Both valid questions. And sure, now that you brought it up, here’s a potentially awkward question: How do you feel about toilets? That’s right. Toilets. They go by different names around the world: squatty potties, latrines, pits, commodes.

world toilet day black

Here are some awkward toilet situations I’ve personally encountered in the countries where we work:

  • Walking through the slums of Kibera on the outskirts of Nairobi and seeing “flying toilets” — plastic bags of poop — being thrown into gutters, streams, onto neighboring slum-house roofs, or just as far away as possible.
  • Throwing away toilet paper in a wastebasket because the plumbing system cannot handle any sort of paper in its pipes.
  • Having traveler’s diarrhea and needing to stop an entire tour bus to run to a roadside stand and pay to use the outhouse.

For us, it might be awkward. We may even have been taught that talking about the bathroom is inappropriate. But for billions across the world, the matter of proper sanitation is not only undignified, but deadly.
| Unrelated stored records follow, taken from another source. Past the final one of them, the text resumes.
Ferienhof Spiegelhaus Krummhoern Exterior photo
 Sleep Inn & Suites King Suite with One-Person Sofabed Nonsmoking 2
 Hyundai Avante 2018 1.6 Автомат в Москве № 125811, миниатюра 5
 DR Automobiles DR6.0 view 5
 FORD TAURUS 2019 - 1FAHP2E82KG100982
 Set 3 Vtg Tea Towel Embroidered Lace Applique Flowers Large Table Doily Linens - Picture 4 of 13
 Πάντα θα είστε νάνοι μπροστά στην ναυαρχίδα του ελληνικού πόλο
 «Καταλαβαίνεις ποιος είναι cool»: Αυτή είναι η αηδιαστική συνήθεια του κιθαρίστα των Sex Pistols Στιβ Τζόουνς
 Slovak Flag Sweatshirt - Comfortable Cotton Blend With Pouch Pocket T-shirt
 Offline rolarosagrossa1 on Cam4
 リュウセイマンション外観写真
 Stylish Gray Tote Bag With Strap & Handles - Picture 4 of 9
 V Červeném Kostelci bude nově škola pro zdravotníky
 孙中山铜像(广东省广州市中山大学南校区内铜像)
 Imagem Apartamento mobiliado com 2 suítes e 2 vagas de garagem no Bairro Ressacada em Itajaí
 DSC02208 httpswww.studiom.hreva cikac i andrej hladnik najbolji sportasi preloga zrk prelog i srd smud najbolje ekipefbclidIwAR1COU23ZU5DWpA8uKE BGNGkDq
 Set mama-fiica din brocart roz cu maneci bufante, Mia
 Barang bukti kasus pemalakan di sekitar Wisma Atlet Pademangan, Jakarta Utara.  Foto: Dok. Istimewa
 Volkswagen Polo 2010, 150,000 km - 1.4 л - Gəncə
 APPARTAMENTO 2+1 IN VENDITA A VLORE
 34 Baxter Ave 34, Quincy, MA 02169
Here are some statistics that should make you squirm:

  • One billion people have no sanitation facilities and defecate in gutters, behind bushes or in open bodies of water. Nine out of 10 of them live in rural areas.
  • Less than half of the population in 45 countries has access to adequate sanitation and hygiene.
  • Many people who defecate in open bodies of water also gather their drinking water from the same source.
  • Diarrhea is the #2 killer of children under the age of 5, killing 4,000 children every day. It kills more children than HIV/AIDs, tuberculosis and measles combined.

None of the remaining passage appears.